/tosback-crawler

Tracks and makes visible changes to the Terms Of Service of the main online services.

Primary LanguageJavaScriptEuropean Union Public License 1.2EUPL-1.2

This code powers tosback.org (a job on the crontab of the tosback3 user runs ./run.sh once every day, see ./run.sh-example for a version of that script with the MySQL password removed). It was forked from https://github.com/ambanum/CGUs. See the README there for more details about the code!

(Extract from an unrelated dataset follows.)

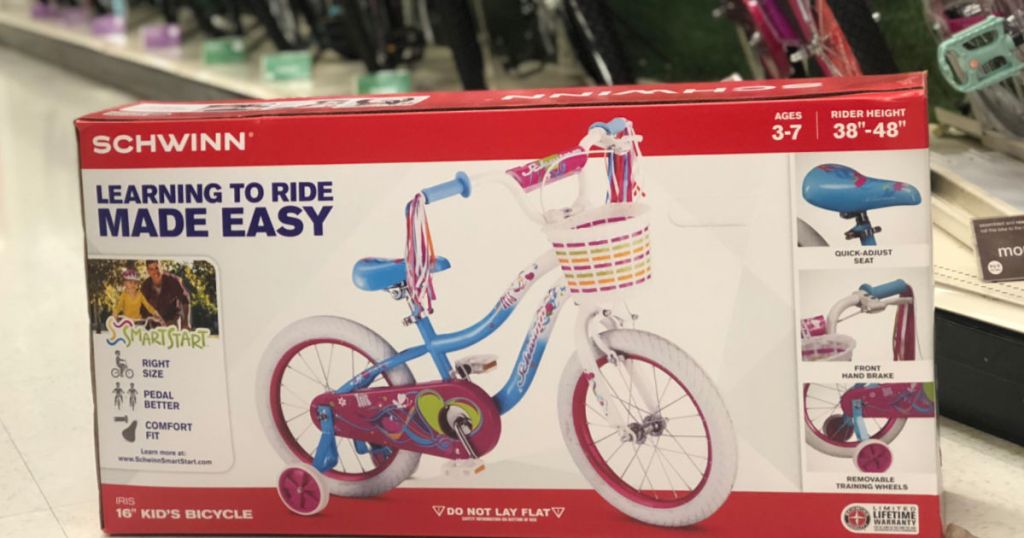 kids bike in box on floor at store 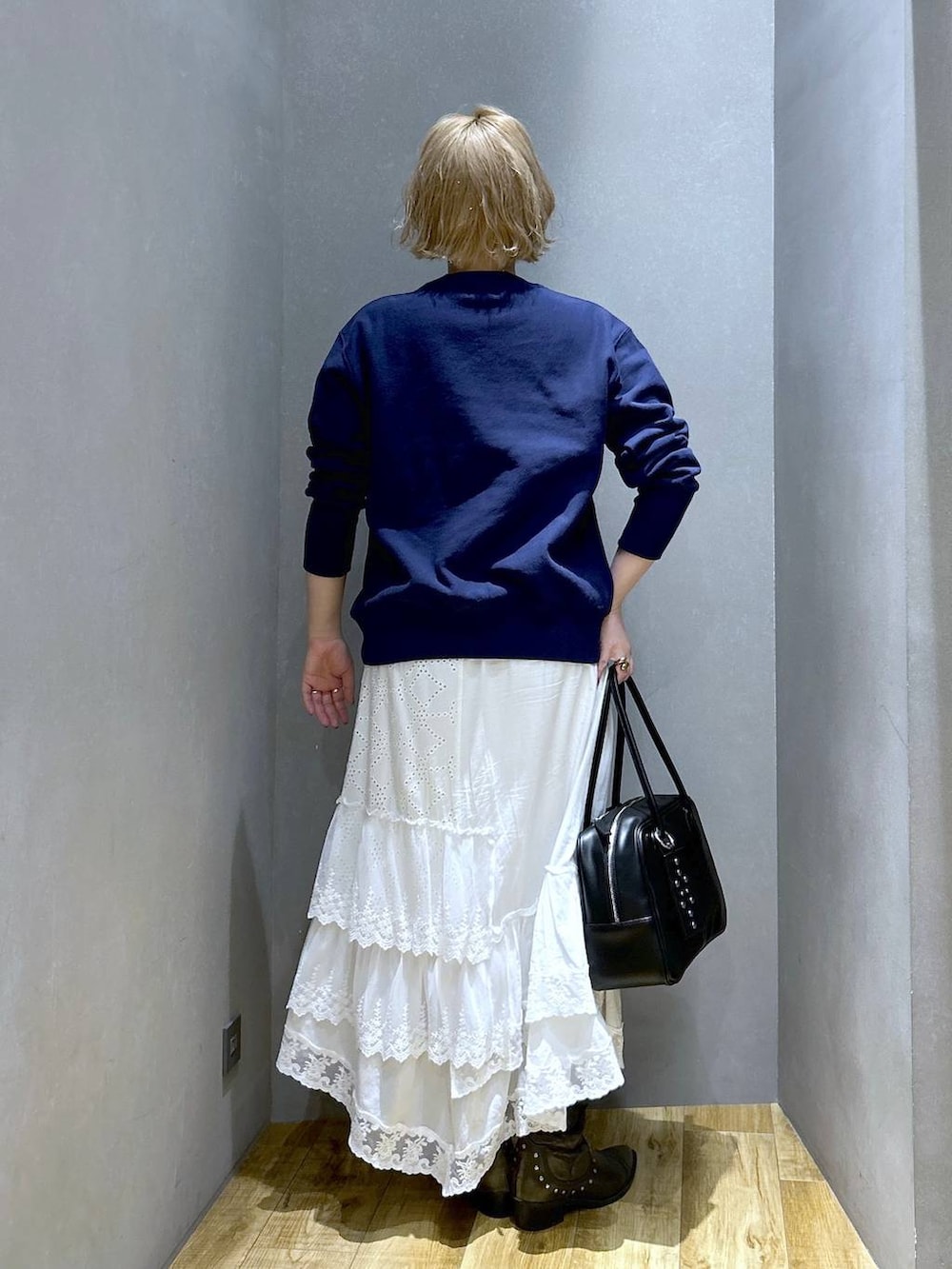 ブラック系のボストンバッグ、ブラック系のブーツ、ブルー系のスウェットを着用したレディースの冬コーディネートの5枚目の写真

It will also feeds into edit.tosdr.org which feeds into tosdr.org. For that, until now I use:

export MYSQL_HOST=localhost
export MYSQL_USER=root
export MYSQL_PASSWORD="..."
export MYSQL_DATABASE=tosback
export PSQL_CONNECTION_STRING="..."
node src/test.js

There is also an admin script that I use for maintenance on the edit-tosdr-org production database. For instance, to merge document 123 into document 456, as userId 789, run:

export PSQL_CONNECTION_STRING="..."
node src/eto-admin.js 789 merge_documents 456 789

And to update the crawl for the Twitter PP and check quotes, as userId 789, run:

export PSQL_CONNECTION_STRING="..."
node src/eto-admin.js 789 update_crawl 90 ../tosback2/crawl_reviewed/twitter.com/Privacy\ Policy.txt

To only check quotes of document 90, as userId 789, run:

export PSQL_CONNECTION_STRING="..."
node src/eto-admin.js 789 check_quotes 90

To check quotes of all documents, as userId 789, run:

export PSQL_CONNECTION_STRING="..."
node src/eto-admin.js 789 check_quotes